# Goal of the exercise
Look below for the line that contains "Buff Headband ThermoNet Unisex adults" and the line that contains "Pintura 345", then restate both of them and every line in between, exactly. No picture goes in the copy.

# Excerpted data

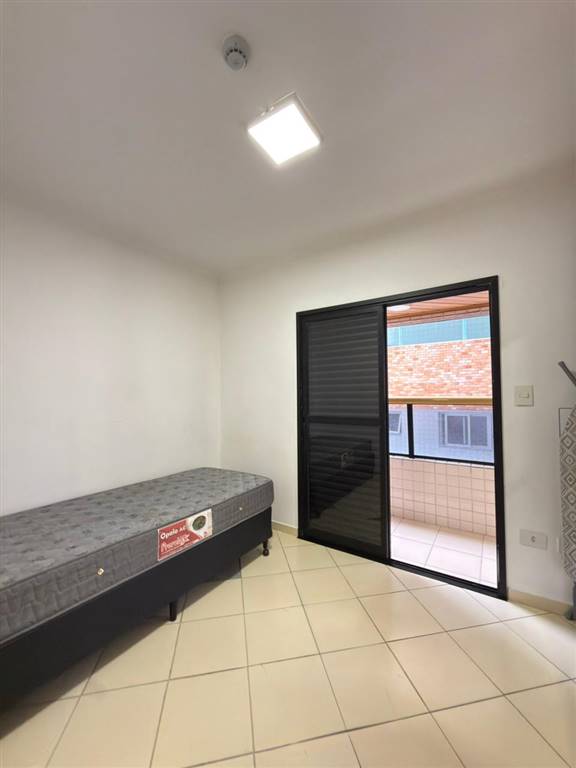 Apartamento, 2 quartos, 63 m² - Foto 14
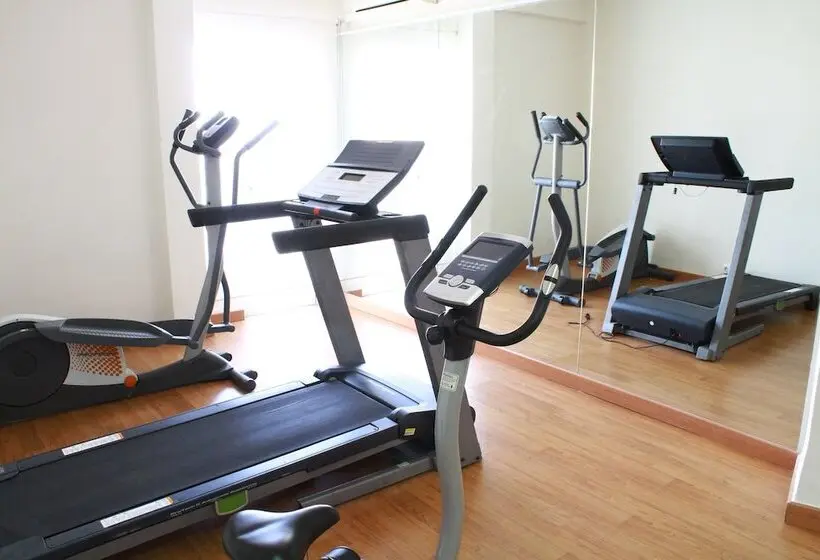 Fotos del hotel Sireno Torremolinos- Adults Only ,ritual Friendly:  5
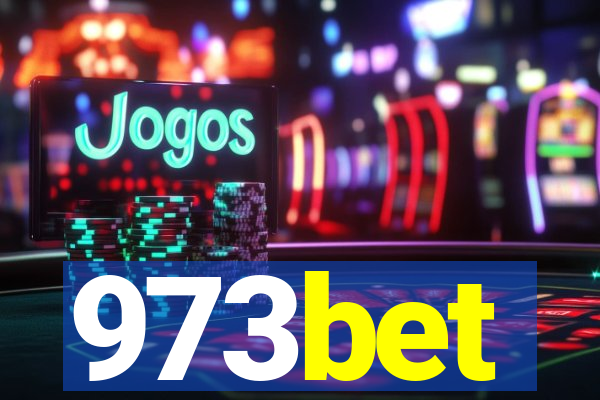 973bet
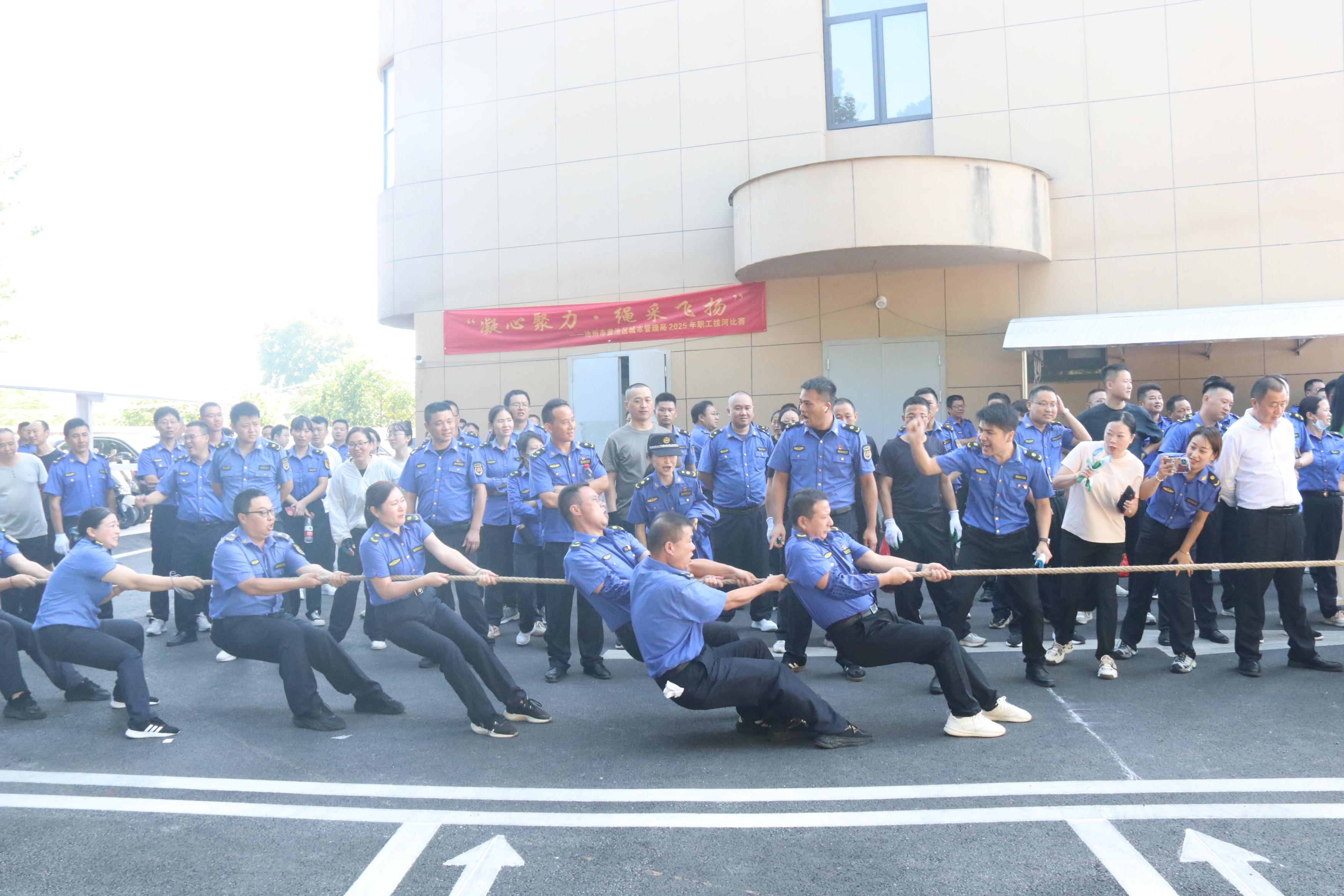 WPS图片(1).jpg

==

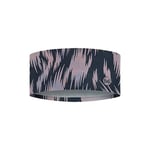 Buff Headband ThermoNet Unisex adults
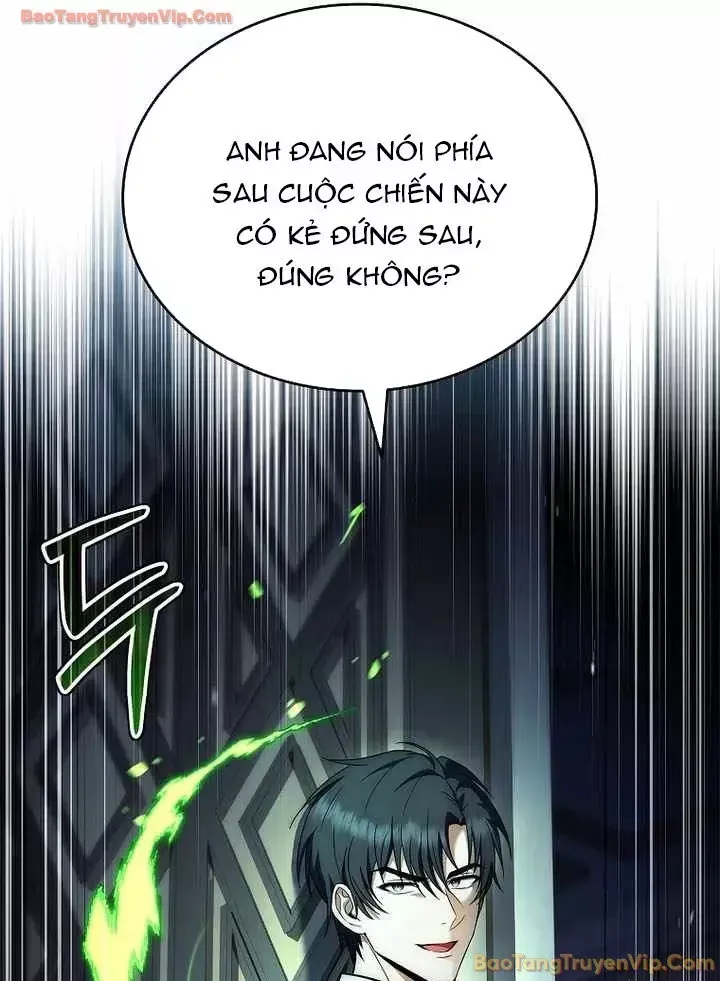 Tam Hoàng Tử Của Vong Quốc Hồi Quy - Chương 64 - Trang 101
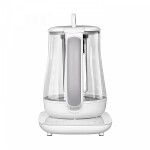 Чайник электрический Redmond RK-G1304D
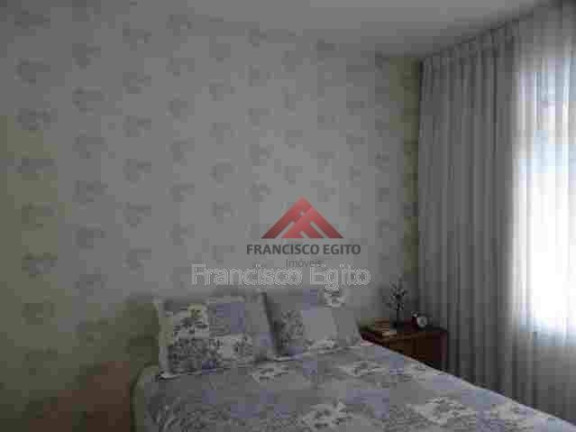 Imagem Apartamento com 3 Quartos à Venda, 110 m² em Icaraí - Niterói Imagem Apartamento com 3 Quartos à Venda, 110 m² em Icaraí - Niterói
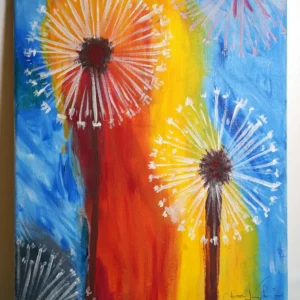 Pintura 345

# Result of the exercise
 Buff Headband ThermoNet Unisex adults
 Tam Hoàng Tử Của Vong Quốc Hồi Quy - Chương 64 - Trang 101
 Чайник электрический Redmond RK-G1304D
 Imagem Apartamento com 3 Quartos à Venda, 110 m² em Icaraí - Niterói Imagem Apartamento com 3 Quartos à Venda, 110 m² em Icaraí - Niterói
 Pintura 345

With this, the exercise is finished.